5. Advanced OPC Techniques
Traditional OPC methods are limited in their ability to address pattern fidelity and edge placement error (EPE) due to the growing proximity effects and the use of complex optical and process parameters in modern lithography. This motivated the industry's development of model-based OPC methodology in the late 1990s. Modern model-based OPC techniques, including various flavors of optical, process, and mask entropy optimization, do not rely on a limited set of rules and are more adaptable to meeting the requirements of various design styles, process nodes, and patterning configurations. Differing only in the cost function used for aerial image multi-objective optimization, these techniques are similar in terms of optimization engine capabilities and semiconductor manufacturing requirements [17].
These advanced OPC techniques depend crucially on the availability of computational resources and simulation accuracy. In comparison with the extensive computational resources, long runtime, and exponential growth of writing time required for the advanced OPC techniques, the traditional 'hard' constraints of OPC usually required meager computational resources and had a more predictable scaling of writing time, even though the runtime was as long as a few hours. Therefore, the constraints of OPC often have to be relaxed to allow for reasonable runtimes and writing times, even if the resulting mask pattern might not be pattern fidelity. Despite this, the impact of extending the rules case OPC to relax these constraints and approaching the advanced full-chip models OPC solutions remains largely unexplored.
It compares the different approaches to address pattern fidelity and EPE through OPC. It illustrates the relative strengths and weaknesses of the rule-based OPC solutions compared to lithographic modeling-based OPC solutions. With technology development, the percentage of transistors corrected by OPC systems has increased from 10% to 20% of the chip area to almost 100% [18].
5.1. Model-Based OPC
One of the most significant advancements in OPC is the advancement from rule-based to model-based techniques. Rather than approximate the optical system with rules and hand-tuned parameter sets, model-based OPC uses complex algorithms and simulations to model the optical system at a fundamental level. Using mathematical models to describe the wave physics underlying the formation of the resist profile, these OPC algorithms can more accurately predict the optical printability of a pattern. This can be particularly important in illuminations created by multiple illumination sources, which exhibit complex phase-spreading effects at the edges of feature boundaries that are difficult to predict using simple heuristic rules. Because the light exposure of every feature in the pattern is simulated individually in a model-based OPC algorithm, tapering must be considered and corrected at every part of the feature's geometry, which greatly increases the dataset size and time to solution. Despite this drawback, model-based OPC algorithms can generate significantly more accurate correction solutions compared to their rule-based counterparts because of their more accurate predictive models, and they have come to dominate the OPC market in standard practice today.
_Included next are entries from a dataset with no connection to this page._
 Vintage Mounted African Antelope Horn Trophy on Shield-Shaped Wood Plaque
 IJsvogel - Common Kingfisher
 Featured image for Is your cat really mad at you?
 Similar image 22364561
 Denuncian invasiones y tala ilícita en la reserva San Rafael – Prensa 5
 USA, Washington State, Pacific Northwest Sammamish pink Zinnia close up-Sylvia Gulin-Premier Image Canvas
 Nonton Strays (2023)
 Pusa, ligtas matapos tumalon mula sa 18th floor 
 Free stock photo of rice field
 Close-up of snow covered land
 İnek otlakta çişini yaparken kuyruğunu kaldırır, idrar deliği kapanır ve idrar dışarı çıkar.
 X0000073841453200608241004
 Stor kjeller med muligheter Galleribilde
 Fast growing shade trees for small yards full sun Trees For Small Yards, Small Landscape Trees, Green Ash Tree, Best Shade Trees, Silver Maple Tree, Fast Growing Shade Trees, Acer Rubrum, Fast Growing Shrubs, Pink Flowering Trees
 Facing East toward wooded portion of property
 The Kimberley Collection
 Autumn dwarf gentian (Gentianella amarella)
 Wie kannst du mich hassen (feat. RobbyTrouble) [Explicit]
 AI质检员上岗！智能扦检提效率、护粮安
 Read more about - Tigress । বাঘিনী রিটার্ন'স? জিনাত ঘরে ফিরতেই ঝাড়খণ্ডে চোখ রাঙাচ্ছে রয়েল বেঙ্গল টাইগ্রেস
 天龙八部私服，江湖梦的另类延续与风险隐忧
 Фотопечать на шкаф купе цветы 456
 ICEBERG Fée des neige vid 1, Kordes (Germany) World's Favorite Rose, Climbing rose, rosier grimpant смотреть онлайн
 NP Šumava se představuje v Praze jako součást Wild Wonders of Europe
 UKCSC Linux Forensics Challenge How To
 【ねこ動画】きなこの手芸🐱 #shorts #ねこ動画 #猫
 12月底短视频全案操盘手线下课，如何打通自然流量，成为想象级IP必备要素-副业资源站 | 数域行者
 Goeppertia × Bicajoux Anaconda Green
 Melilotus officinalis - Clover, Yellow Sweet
One of the main advantages of model-based OPC techniques is that their detailed optical models allow for accuracy at the feature's edge and within complex geometries. The increased pattern correction accuracy is not just due to the illumination scope but primarily due to the increased accuracy of the printability prediction in the optical models, which is the basis for the model-based correction. The better the accuracy of the prediction, typically the better the correction solution. Although model-based OPC algorithms can accurately simulate optical effects, obtaining a sufficiently precise correction for a complex pattern can still be quite challenging, as they demand a large amount of optical reading data and must be thoroughly calibrated to actual optical characteristics in the lithography process. With complete calibration and attention during setup, however, model-based OPC techniques can significantly outperform rule-based solutions, both in fidelity and the versatility of features that can be patterned. Thus, it is typically considered time well spent to configure a model-based OPC algorithm thoroughly, to gain the necessary predictive accuracy required for lithographic detail. As a result, in the latest OPC requirements, the requirement has been added to utilize model-based techniques to solve critical patterns in actual devices. This component has repeatedly demonstrated improvements in final pattern fidelity and has shown enough of a return on investment to be added as a standard practice requirement [19].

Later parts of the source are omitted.